The Trumping of Cambodian Democracy
Cambodian democracy has long been a shaky affair, with elections that are only sometimes free and fair. But by ignoring the slide toward dictatorship there and elsewhere in the region, US President Donald Trump is encouraging Asia's autocrats and damaging America’s long-term interests.
WASHINGTON, DC – Over the last year, Cambodia’s ruling party, the Cambodian People’s Party (CPP), has dramatically increased its pressure on its political opponents and civil society. Democracy in Cambodia has always been fraught, and elections are not completely free and fair. But the current crackdown is much greater in scope, and far more concerning, in part because it is being enabled by American apathy.
Prime Minister Hun Sen, East Asia’s longest-serving non-royal ruler, has used his power to silence critics and close outspoken media outlets, including one independent newspaper, the Cambodia Daily.The CPP has also expelled the National Democratic Institute, a US-based nonprofit that focuses on rights and democracy, and detained political challengers. Kem Sokha, who co-headed the main opposition group, the Cambodia National Rescue Party (CNRP), was arrested in September on dubious treason charges. The other main opposition figure, Sam Rainsy, remains in exile in France.

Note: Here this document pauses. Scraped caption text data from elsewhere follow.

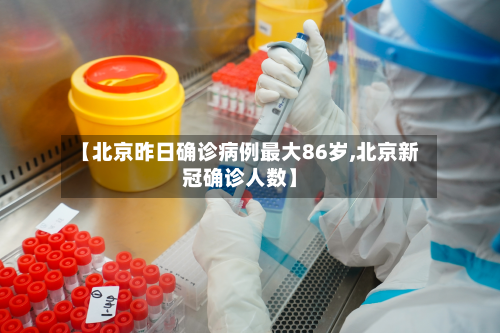 【北京昨日确诊病例最大86岁,北京新冠确诊人数】-第2张图片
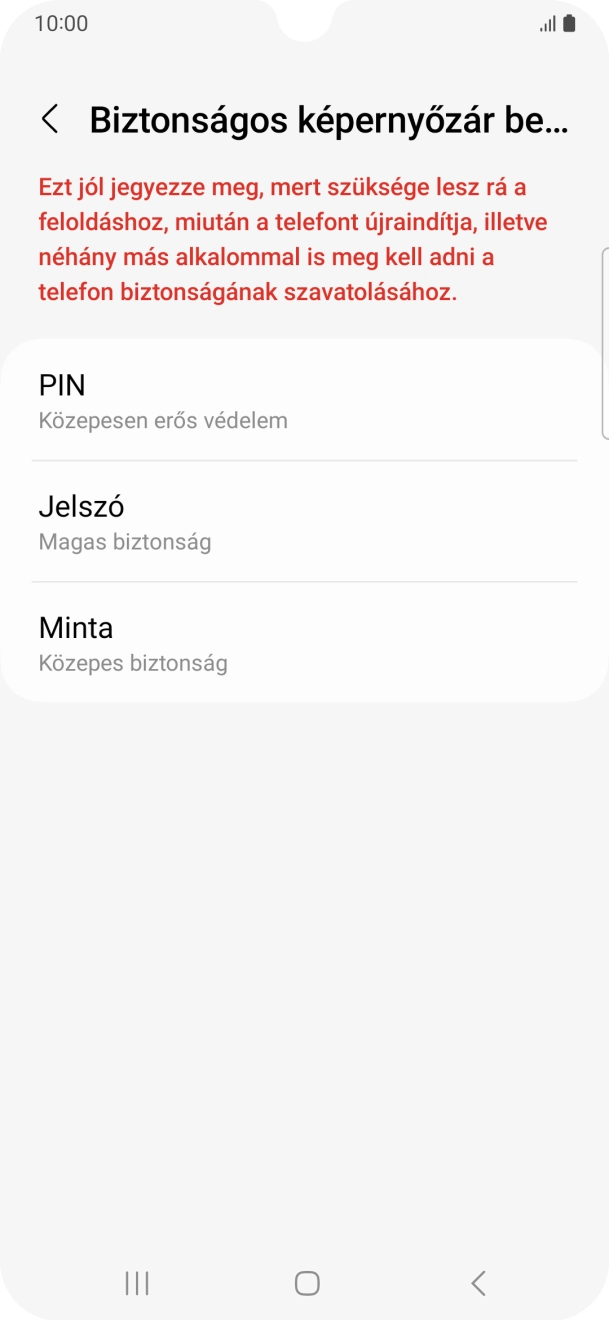 Válaszd ki a kívánt képernyőzárkódot, és kövesd a kijelzőn megjelenő utasításokat egy extra képernyőzár létrehozásához. Válaszd ki a kívánt képernyőzárkódot, és kövesd a kijelzőn megjelenő utasításokat egy extra képernyőzár létrehozásához.
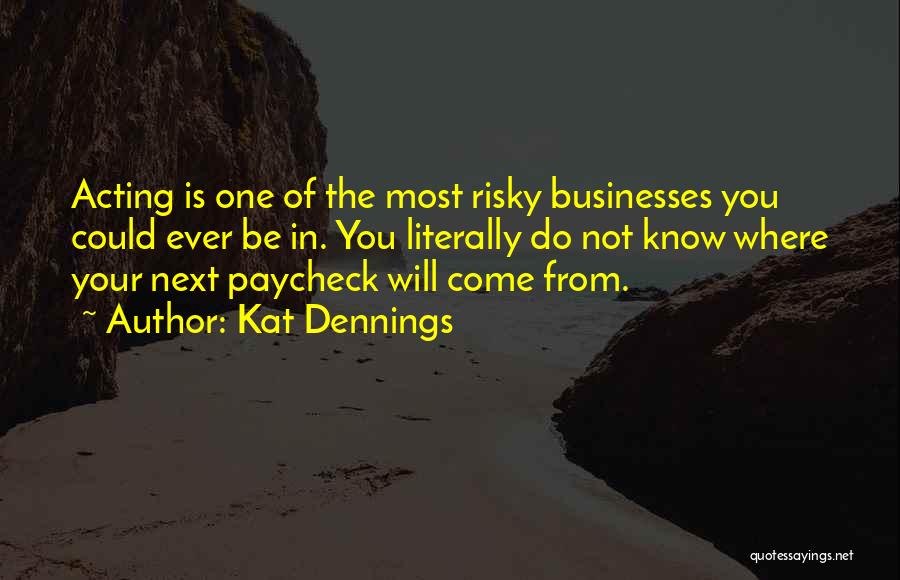 Kat Dennings Quotes: Acting Is One Of The Most Risky Businesses You Could Ever Be In. You Literally Do Not Know Where Your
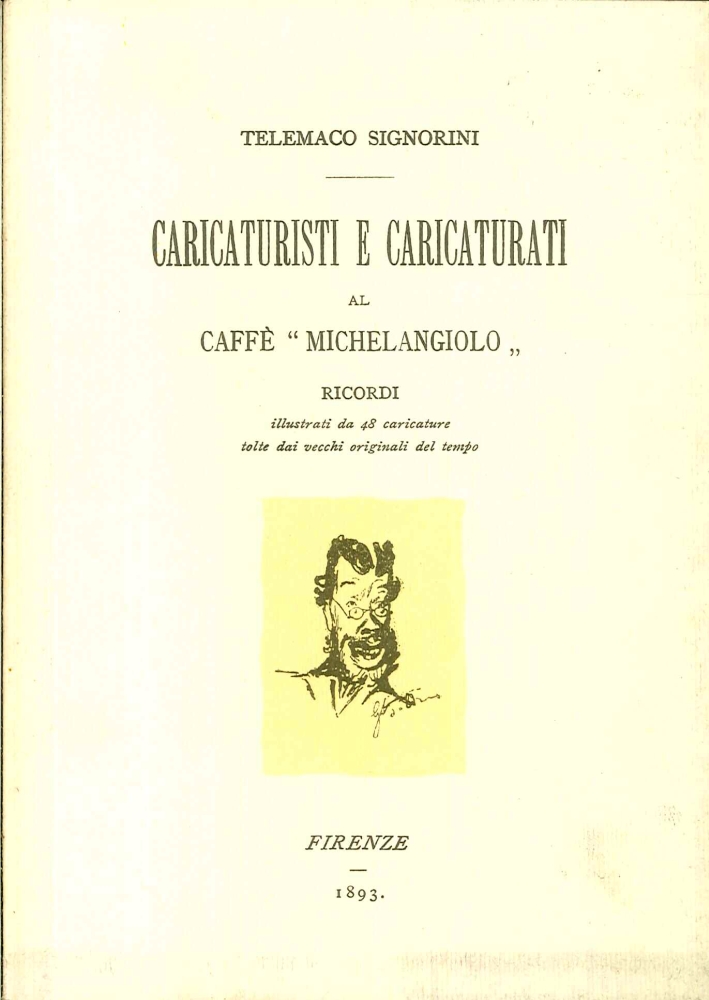 Caricaturisti e caricaturati al Caffe? Michelangiolo. Rricordi illustrati da 48 caricature tolte dai vecchi originali del tempo Caricaturisti e caricaturati al Caffe? Michelangiolo. Rricordi illustrati da 48 caricature tolte dai vecchi originali del tempo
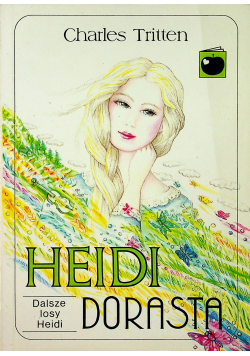 Heidi dorasta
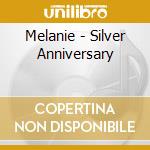 Melanie - Silver Anniversary cd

But in recent weeks, Hun Sen has increased the pressure, essentially ending Cambodia’s shaky attempts at democracy. Earlier this month, a court dominated by CPP allies dissolved the CNRP. As a result, the party will most likely be unable to contest national elections next year, all but ensuring that Hun Sen will win another term as prime minister. The ruling could also help enable Hun Sen eventually hand power to another family member. Fearing for their lives, around half of CNRP lawmakers have left Cambodia.